Economics is the study of production, distribution, and consumption of goods and services. In economics there are two different theories, the classical economic theory and the Keynesian economic theory. They both contrast each other and bring out two different view/sides in economics. Classical economics is summed up as market functions without government interference while Keynesian economics is the theory about why in short run, economic output is influenced by aggregate demand, and government interference is almost always needed to solve an issue.

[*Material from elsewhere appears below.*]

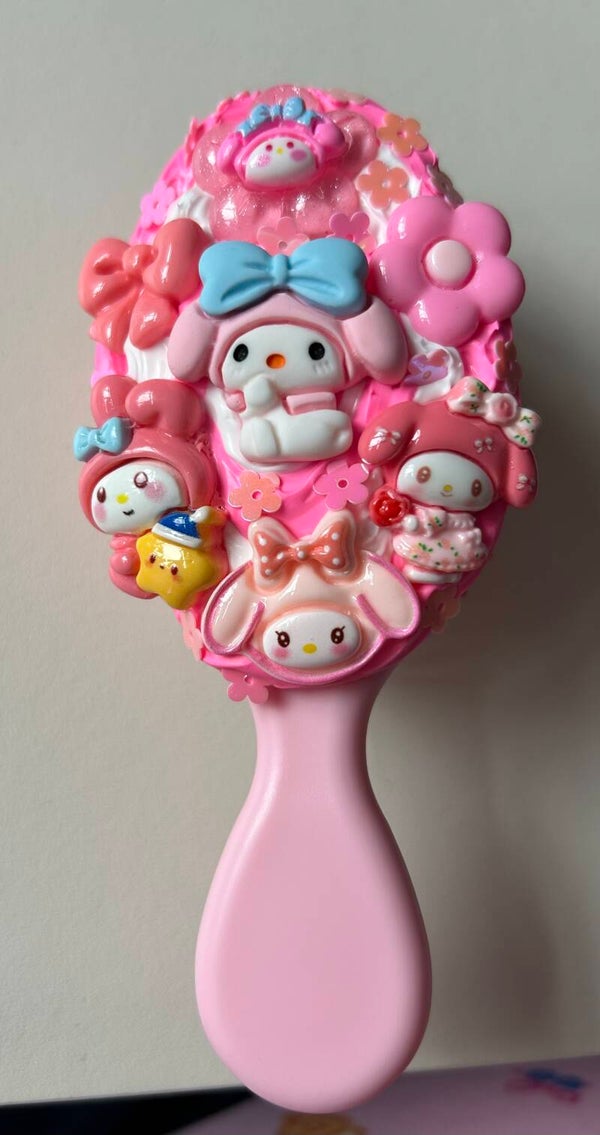 My melody mini hair brush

Classical economics comes from the concept of laissez-faire which means the “free market.” Being in a free market allows people to have a say when it comes to making economic decisions. Because people are allowed to have a say it makes sure that all the economic resources are being distributed to whom needs/wants it. In Classical economics government spending is for the most part frowned upon. They believe that government spending takes away the resources that individuals need. Also, classical economics has the goal of creating long term solutions when it comes to economic problems. The classical economic theory is developed by things like inflation, government regulation, and taxes. It also plays a big role on the well being of the free market environment. Classical economics is also very free flowing and its goal is to have prices and wages adjust freely to demand over periods of time. This theory has the goal of always wanting full employment and making sure that everyone who wants to work is being used to their full capacity. Overall classical economics is based off of the idea that the economy is self correcting, and if something happens to the economy then it was meant to happen and it will fix itself.
Keynesian economists believe that aggregate demand is influenced by the people decisions both public and private. Public decisions are made by the government while private decisions are made by individuals and businesses in the economic marketplace. Keynesian economic theory is summed up as how a nations monetary policy can affect the economy. Keynesian economics mostly relies on the idea of government spending to the economy back to where it should be. Its believed that the economy is made up of consumer spending, business investment and government spending. Keynesian economists think that government spending can improve the economy or take the place of economic growth if it is needed. Keynesian economics focuses on the short-term need and how something can be changed for the moment instead of for the long-run, and that government intervention is usually the best solution. Keynesian economists believe that the government should always intervene to help the economy in the short-run otherwise the long-run might never come.
Classical and Keynesian economics are two completely different theories but they both have the same goal, that is to get the economy back to where it is suppose to be. Classical economists want to do what is best for the long-run and want it to happen naturally and not with any government intervention. Keynesian economists believe the best way to fix the economy is to do what’s best for the moment and not for the long-run, and to get that you need some type of government interaction. After reviewing classical and Keynesian economics I’ve decided that both have very different points of view on how to run the economy but both can be argued for what would work the best.